Jiang thinks the main cause of desertification in Inner Mongolia is overgrazing. By 2000 some 80% of the grasslands in Hunshandake had deteriorated into desert, and 33% of the land had become mobile sand dunes. In the 1960s mobile sand dunes only made up 2% of the land.[sina] The first attempt to solve desertification involved planting 100,000 yuan (13,000 U.S. dollars) worth of willows, because conventional thought led Jiang to believe trees were the best solution to stop sandstorms.

Later Jiang's team tried a different approach. A 2670 ha section of grassland in the Bayinhushuo Gacha was fenced off and no grazing was allowed.

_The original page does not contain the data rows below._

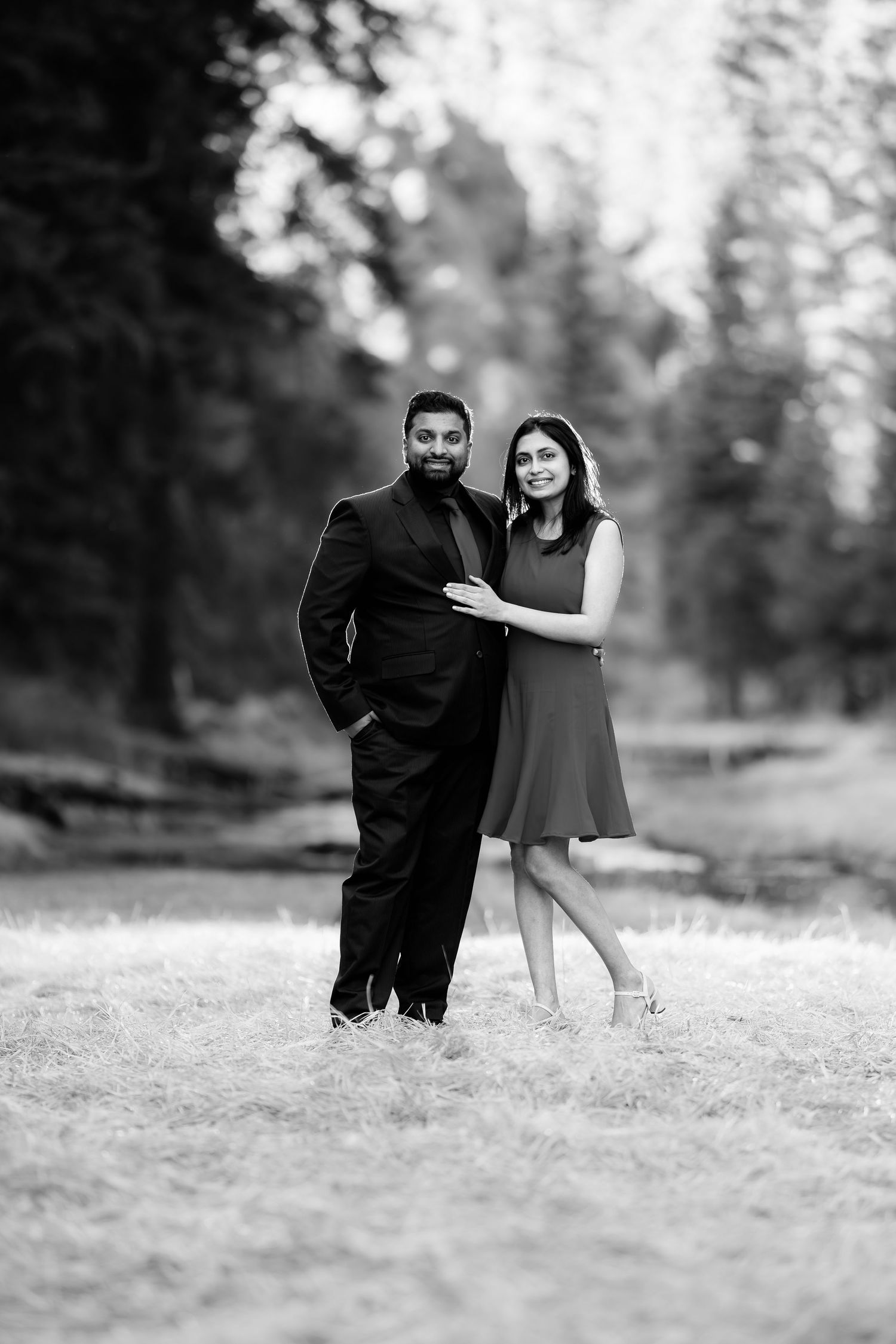 A black and white portrait of a couple in formal wear standing together outdoors.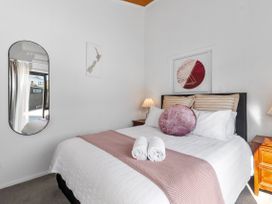 A bedroom with a bed and nightstand at Sunnyside Spa Retreat - Mangawhai Heads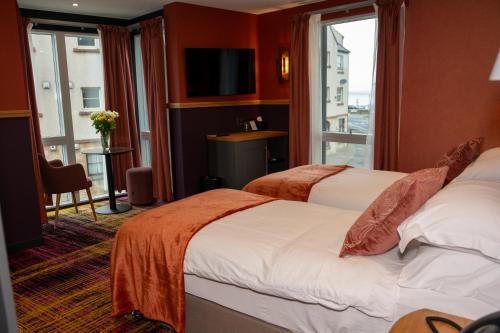 a hotel room with two beds and a window at Albert Hotel in Kirkwall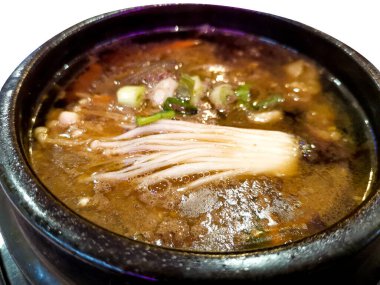 Bu Kore kâsesinin derin ve lezzetli lezzetlerinin tadını çıkarın, lezzetli bir soğan mantarı ve zengin et suyu karışımı, rahatlatıcı ve otantik bir deneyim için kırsal bir toprak kapında servis edilir..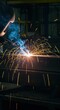 © Kathy - Intense industrial fabrication scene captured as powerful electric arc welding fuses heavy metal beams, generating bright shower of sparks ,large scale ,beams ,construction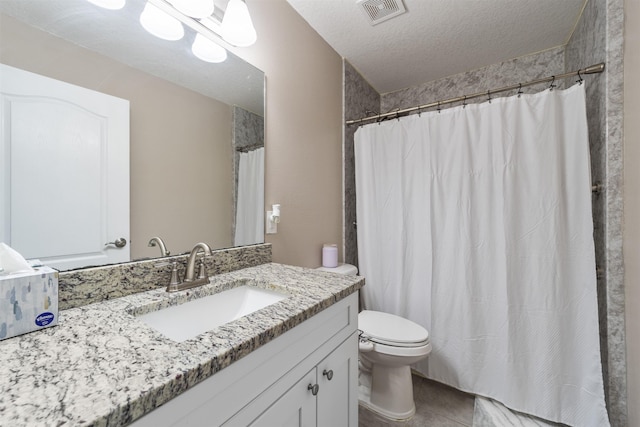 bathroom with tile patterned floors, a textured ceiling, toilet, vanity, and a shower with shower curtain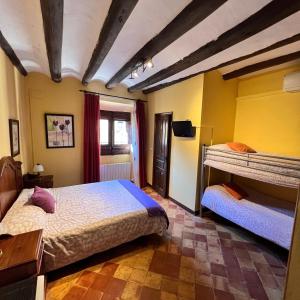 due letti in una stanza con pareti gialle di Posada Abadia de Sietamo a Siétamo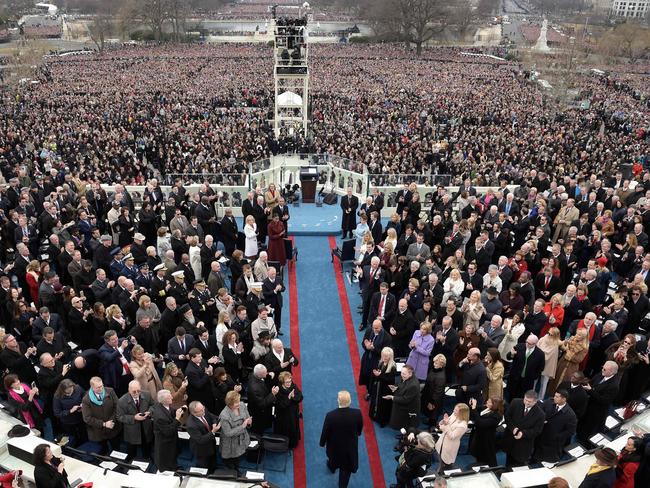 Donald Trump, centre, arrives for the swearing-in ceremony in front of the Capitol in Washington. Picture: AFP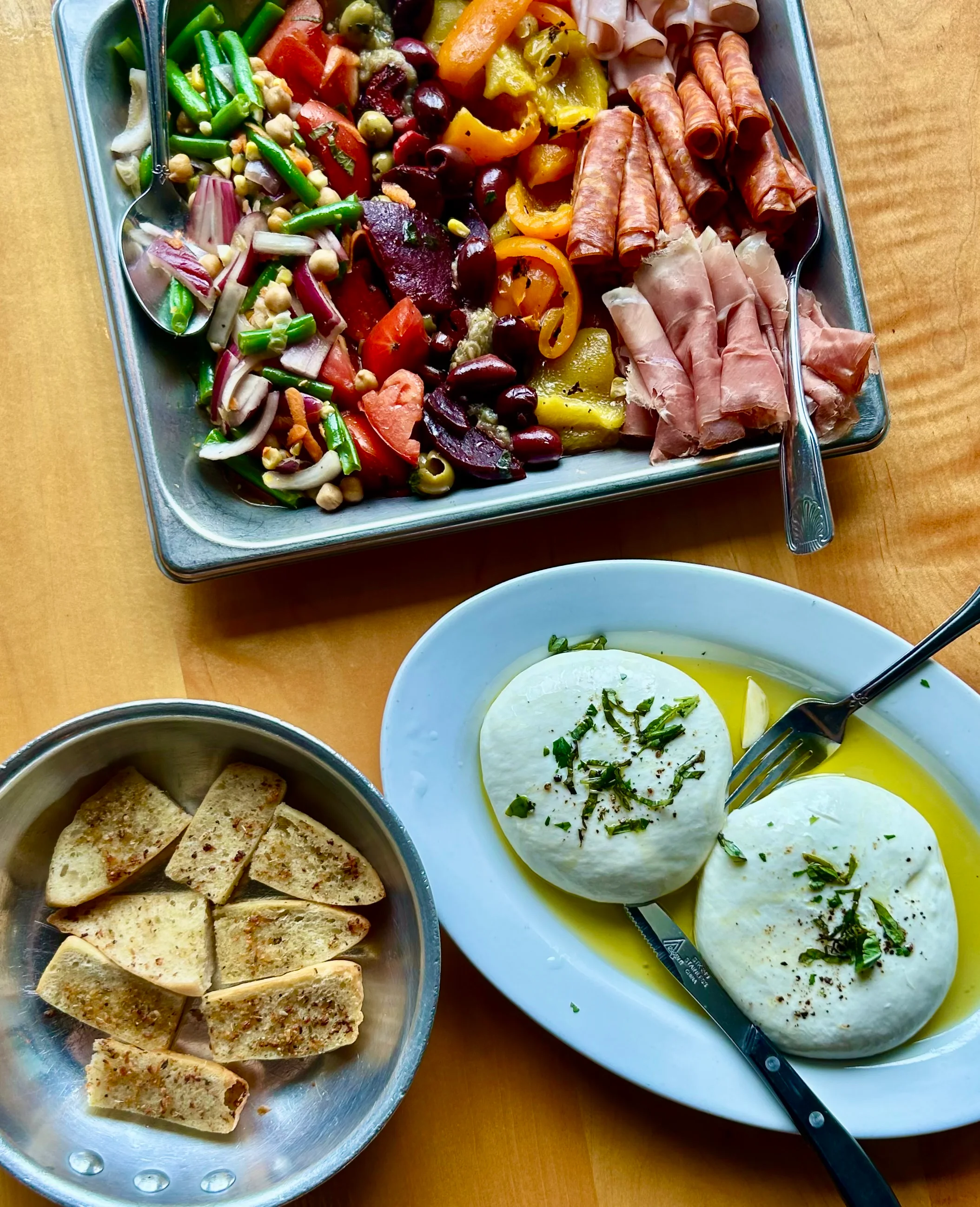 Mediterranean antipasto platter with fresh mozzarella and grilled bread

The success achieved in Bayinhushuo Gacha quickly spread to the surrounding regions: several gachas followed suit, fencing off grasslands for natural restoration and thereby expanding the protected areas to more than 6500 hectares. Jiang is pleased that a policy of "ecological conservation first, ecological construction second" was included in the Eleventh Five-Year Plan on Ecological Protection.

- Biofuels
Jiang supports burning straw instead of coal as a source of power. He estimated that a biomass power plant of 25,000 kW can generate 100,000 tons less carbon dioxide every year compared with the coal burning power plant of the same capacity. Furthermore, Jiang said that biomasses are less wasteful than coal. Thirty percent of burnt coal is waste while biomass burning generates just two percent and can be used as fertilizer after proper processing.

- Pesticides
Jiang believes that the use of pesticides in Chinese farming can lead to poor quality and even dangerous food. “Farmers adopted certain production methods to make food-production cheaper. They use whichever chemicals are cheapest. The use of pesticide seems better, and it is cheap. In fact, the pesticides they would buy are also used as fertiliser, and this makes it all the more dangerous,” Jiang said.